Forward-Looking Statements

This filing contains forward-looking statements within the meaning of the Private Securities Litigation Reform Act of 1995. Such statements are based upon the current beliefs and expectations of Alberto-Culver’s management and are subject to significant risks and uncertainties. Actual results may differ from those set forth in the forward-looking statements. The following factors, among others, could cause actual results to differ from those set forth in the forward-looking statements: risks inherent in acquisitions, divestitures and strategic alliances; the pattern of brand sales; loss of distributorship rights; competition within the relevant product markets; loss of one or more key employees; sales by unauthorized distributors in Alberto-Culver Company’s exclusive markets; the effects of a prolonged United States or global economic downturn or recession; changes in costs; the costs and effects of unanticipated legal or administrative proceedings; health epidemics; adverse weather conditions; and variations in political, economic or other factors such as currency exchange rates, inflation rates, interest rates, tax changes, legal and regulatory changes or other external factors over which Alberto-Culver has no control. These forward-looking statements speak only as of the time first made, and no undertaking has been made to update or revise them as more information becomes available. Additional factors that could cause Alberto-Culver’s results to differ materially from those described in the forward-looking statements can be found in the Company’s 2005 Annual Report on Form 10-K filed with the SEC and available at the SEC’s internet site (http://www.sec.gov).
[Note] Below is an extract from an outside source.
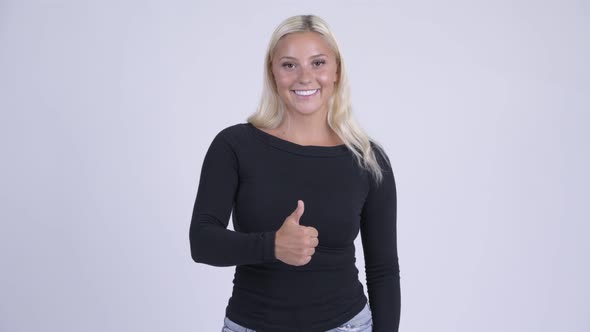 Young Happy Blonde Woman Giving Thumbs Up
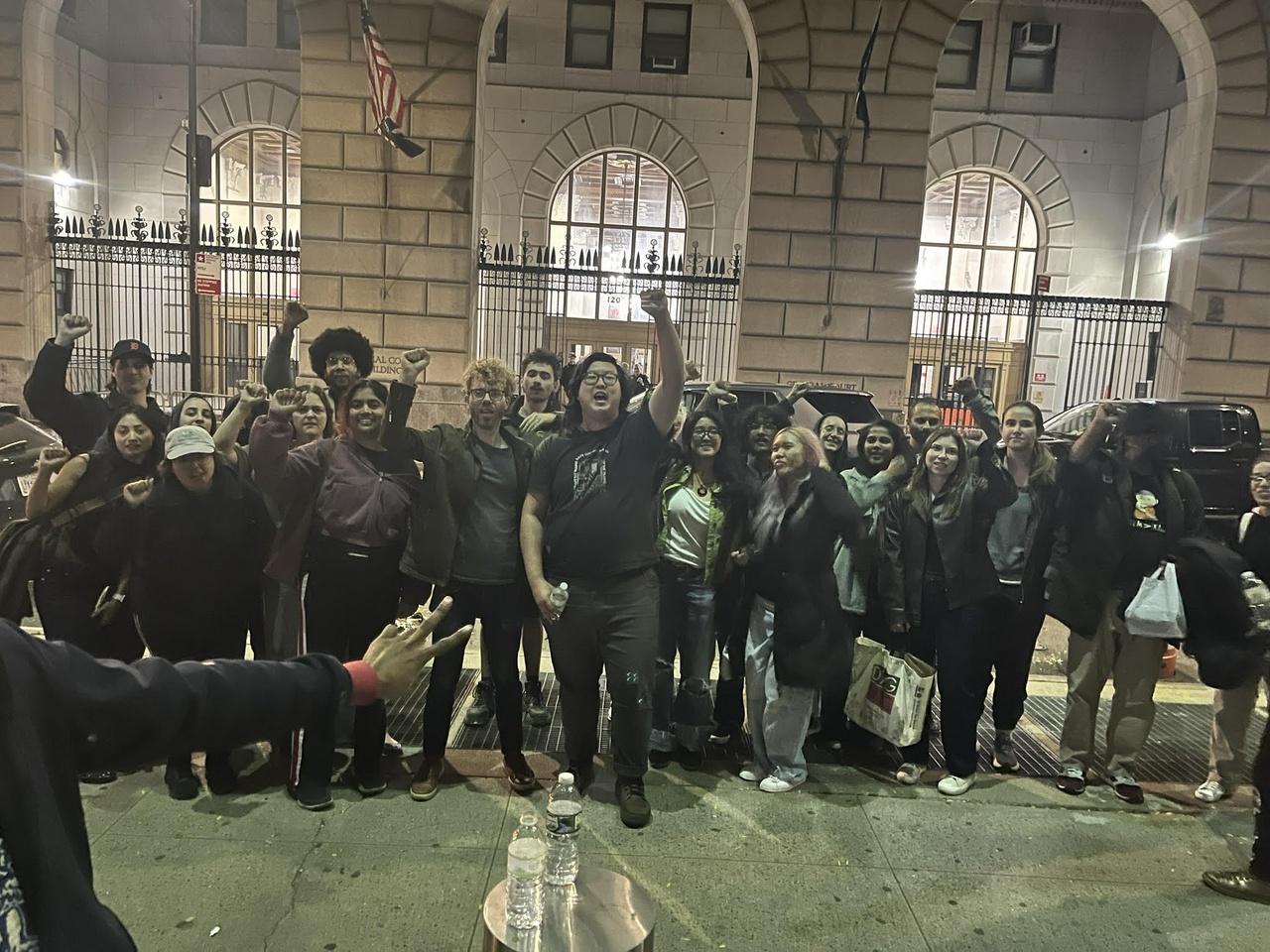 A group of people standing outside of a building.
Additional Information and Where to Find It

In connection with this proposed transaction, a registration statement of New Sally Holdings, Inc., which will contain a proxy statement/prospectus, will be filed with the Securities and Exchange Commission (“SEC”). Investors are urged to carefully read the proxy statement/prospectus and any other relevant documents filed with the SEC when they become available because they will contain important information. Investors will be able to get the proxy statement/prospectus and all relevant documents filed by Alberto-Culver Company with the SEC free of charge at the SEC’s website www.sec.gov or, with respect to documents filed by Alberto-Culver Company, from Alberto-Culver Investor Relations at 2525 Armitage Avenue, Melrose Park, IL 60160, (708) 450- 3145.

Participants in the Solicitation

The directors, executive officers and other members of management and employees of Alberto-Culver Company may be deemed to be participants in the solicitation of proxies from its shareholders in favor of the transactions. Information concerning persons who may be considered participants in the solicitation of Alberto-Culver Company’s shareholders under the rules of the SEC is set forth in public filings filed by Alberto-Culver Company with the SEC and will be set forth in the proxy statement/prospectus when it is filed with the SEC. Information concerning Alberto-Culver Company’s participants in the solicitation is contained in Alberto-Culver Company’s Proxy Statement on Schedule 14A, filed with the SEC on December 13, 2005.